If you can smell the odors today your nose probably still works.


----------



## NYEric (Apr 9, 2007)

Yeah but I'm not home anymore I'm in the office and I still smell it!


----------



## gonewild (Apr 9, 2007)

Mutation!

:rollhappy: 

Sorry I could not resist.


----------



## NYEric (Apr 9, 2007)

I can feel my nose shrinking!


----------



## gonewild (Apr 9, 2007)

Yes, as the nose shrinks smaller the smells get bigger in comparison. 
That is why you can still smell the odor at the office.


----------



## bwester (Apr 9, 2007)

If you are still alive, count yourself lucky. Many people have died by mixing acid cleaners with ones containing chlorine.


----------



## Marco (Apr 9, 2007)

gonewild said:


> Mutation!
> 
> :rollhappy:
> 
> Sorry I could not resist.



ahhh you beat me to it


----------



## NYEric (Apr 9, 2007)

gonewild said:


> Mutation!
> 
> :rollhappy:
> 
> Sorry I could not resist.


BLASPHEMY! :rollhappy:


----------



## gonewild (Apr 9, 2007)

NYEric said:


> BLASPHEMY! :rollhappy:



You mean it doesn't smell fishy to you?


----------



## NYEric (Apr 9, 2007)

No, just bleachy!?!


----------



## gonewild (Apr 9, 2007)

The smell is probably residual on your hands and body and not embedded in your nose. Ask a co worker if the can smell bleach on you. 
(Pick a pretty one)


----------



## Hien (Apr 9, 2007)

bwester said:


> If you are still alive, count yourself lucky. Many people have died by mixing acid cleaners with ones containing chlorine.


 Do you mean *KABOOM*


----------



## smartie2000 (Apr 9, 2007)

certain products shouldn't be mixed together or the create a dangerous gas that was once used in war...


----------



## PHRAG (Apr 9, 2007)

I can conjure up my own version of a poison gas, but it requires three bratwurst topped with sourkraut and onions. Lethal!

:evil:


----------



## SlipperFan (Apr 9, 2007)

PHRAG said:


> I can conjure up my own version of a poison gas, but it requires three bratwurst topped with sourkraut and onions. Lethal!
> 
> :evil:


...and eggs and beans.


----------



## Marco (Apr 9, 2007)

just have some white castle!


----------



## Jon in SW Ohio (Apr 9, 2007)

I can only imagine what the shower must have looked like to get you to drop a bomb like that on it oke:

Jon


----------



## Heather (Apr 9, 2007)

Jon in SW Ohio said:


> I can only imagine what the shower must have looked like to get you to drop a bomb like that on it oke:
> 
> Jon



:rollhappy:

Hahahaha!!!!


----------



## ohio-guy (Apr 10, 2007)

How is your nose today? I hope your sense of smell won't be permanently damaged, but if you injured the olefacory nerves, it may be a while before they get back to normal.
E


----------



## lienluu (Apr 10, 2007)

That is some serious cleaning. You sound a bit like me when i get on a cleaning kick.

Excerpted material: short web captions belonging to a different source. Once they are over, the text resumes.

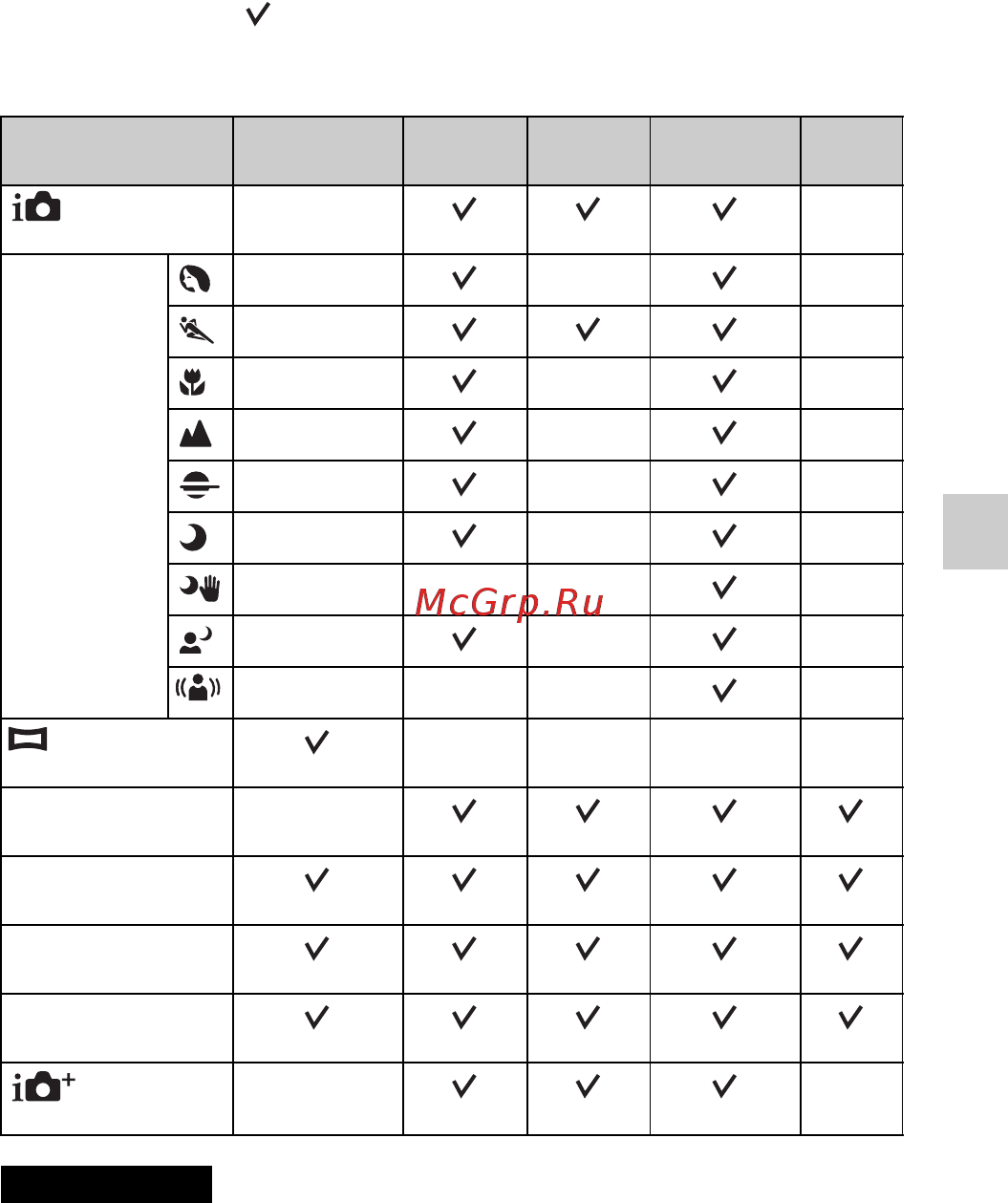 Sony NEX6L+1650 Black [185/231] Наявність функцій у різних режимах знімання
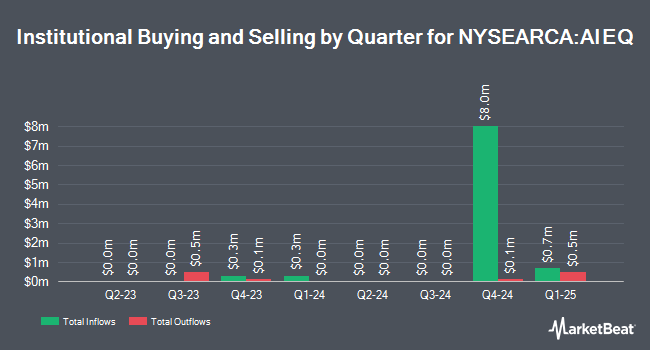 Institutional Ownership by Quarter for Amplify AI Powered Equity ETF (NYSEARCA:AIEQ)
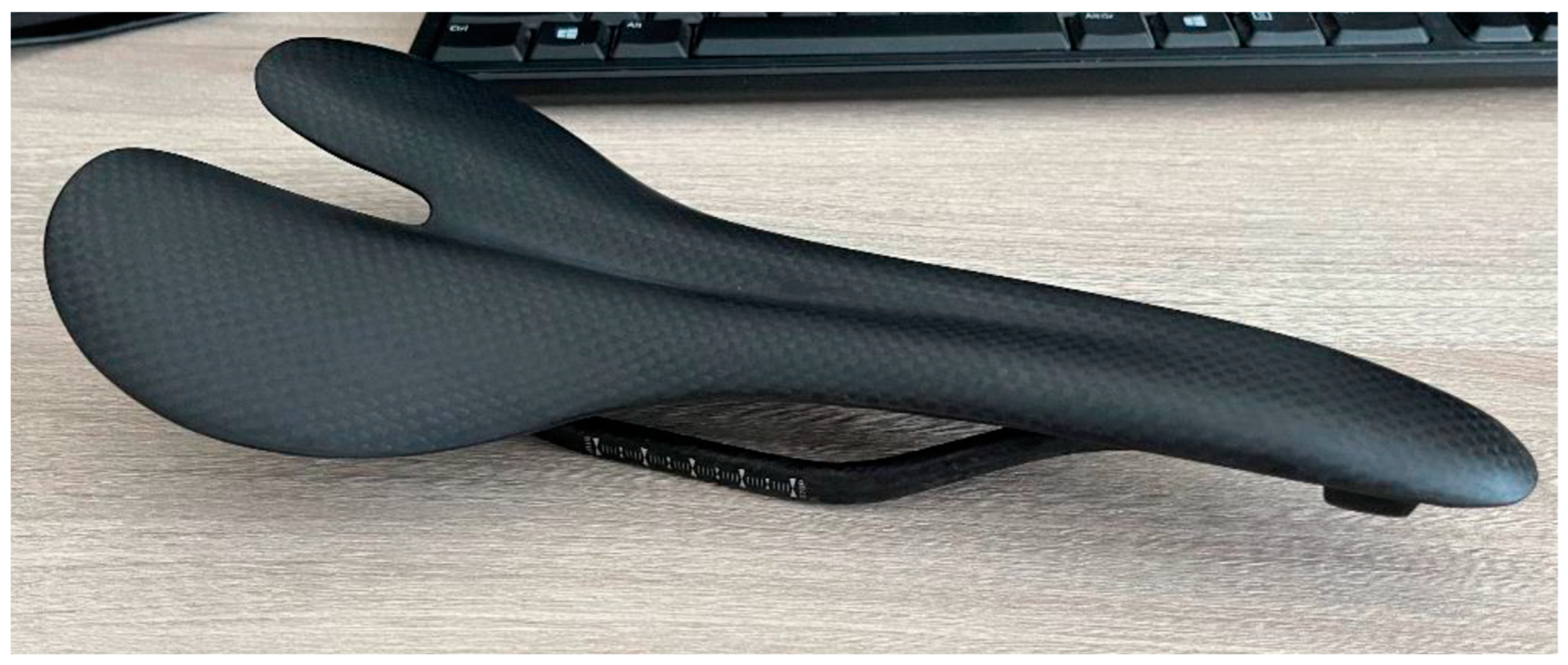 Processes 13 00454 g022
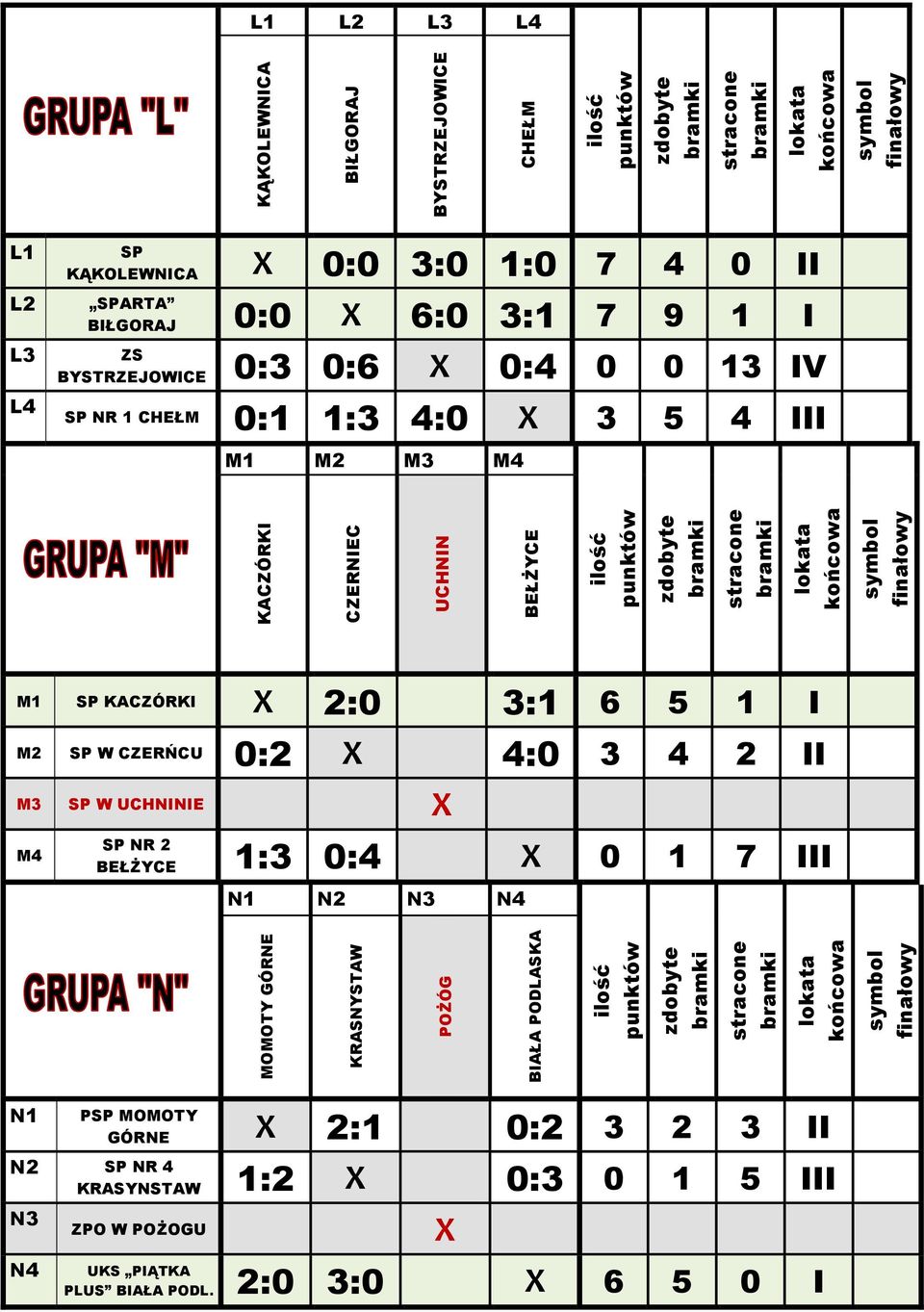 III M1 M2 M3 M4 M1 SP KACZÓRKI X 2:0 3:1 6 5 1 I M2 SP W CZERŃCU 0:2 X 4:0 3 4 2 II M3 SP W UCHNINIE X M4 SP NR 2 BEŁŻYCE 1:3 0:4 X 0 1 7 III N1 N2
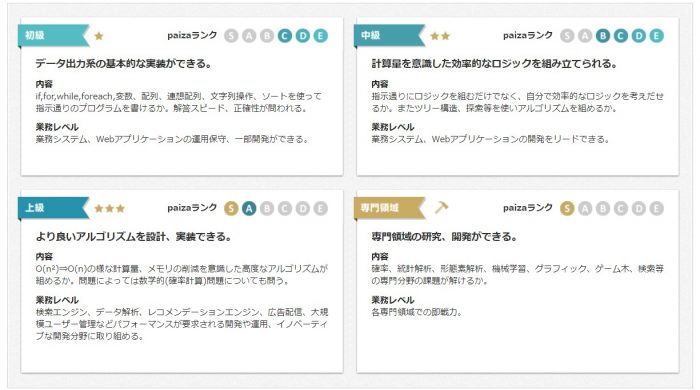 Paiza転職の評判は Paizaラーニングやスキルチェックも解説 Career Picks
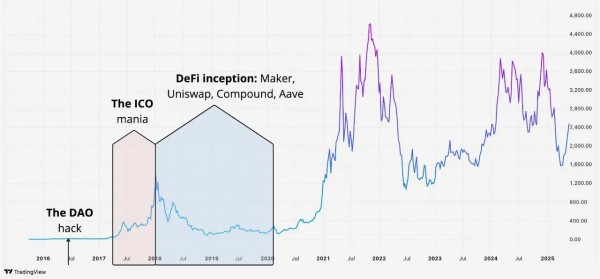 Основатель Lido Константин Ломашук взял в долг $85 млн USDT на Aave для покупки ETH Основатель Lido Константин Ломашук взял в долг $85 млн USDT на Aave для покупки ETH
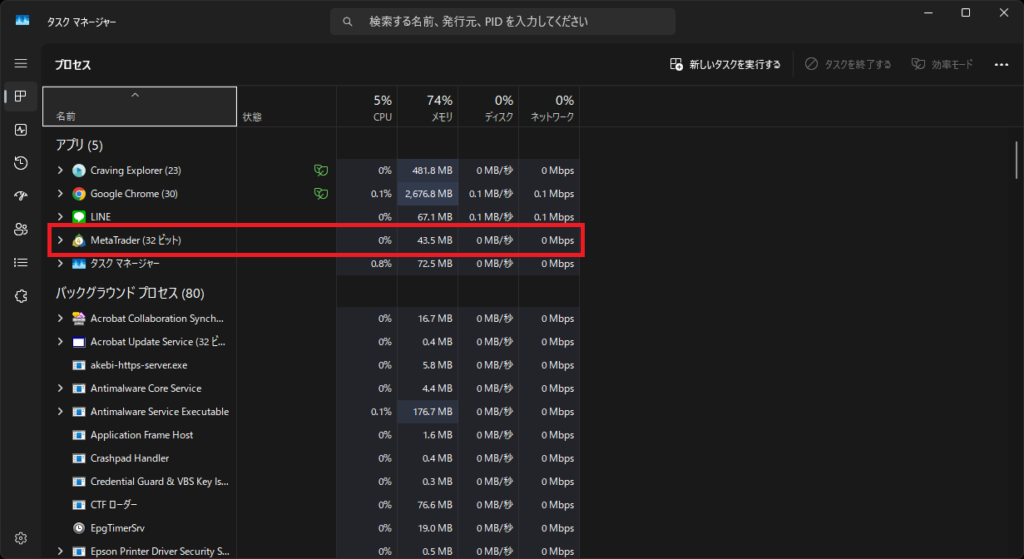 ここで、MT4(terminal.exe)がどれくらいメモリを使用しているかを確認できます。図の場合は43.5MB使用中ということがわかりますね!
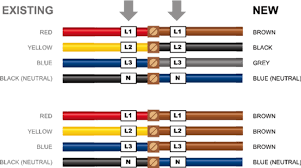 This short video runs through the different electrical wiring colors and old electrical wiring colours in a domestic single phase installation according to. Australian Electrical Wiring Colours Electrical Wiring Colours Color Coding Electricity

A year ago, when i still had a fair number of plants inside and was using a MH lamp, I decided, the ceiling needed to be swept and vacuumed. So i started moving things around and forgot the MH was up there and banged something against it and the thing came tumbling down, missing my head by about 2 inches. This was one of those MH lamps with the ballast built in so it weighed over 50 or so lbs (maybe more) and was metal with some very sharp edges! I'm glad it didn't land on my head.


----------



## NYEric (Apr 10, 2007)

ohio-guy said:


> How is your nose today? I hope your sense of smell won't be permanently damaged, but if you injured the olefacory nerves, it may be a while before they get back to normal.
> E


Well, last night when I got home from Bed, Bath & Beyond w/ the new shower liner I noticed I didn't smell the bleach anymore so everything seems to be OK, Thanx. Yeah I really went to town on that Bathroom! I almost took a toothbrush to the floor but luckily I did the shower after washing the floor so I stopped! :rollhappy:


----------



## TheLorax (Sep 14, 2007)

Scary, very scary. Have you two ever considered hiring cleaning services so that hang out amongst the living longer?


----------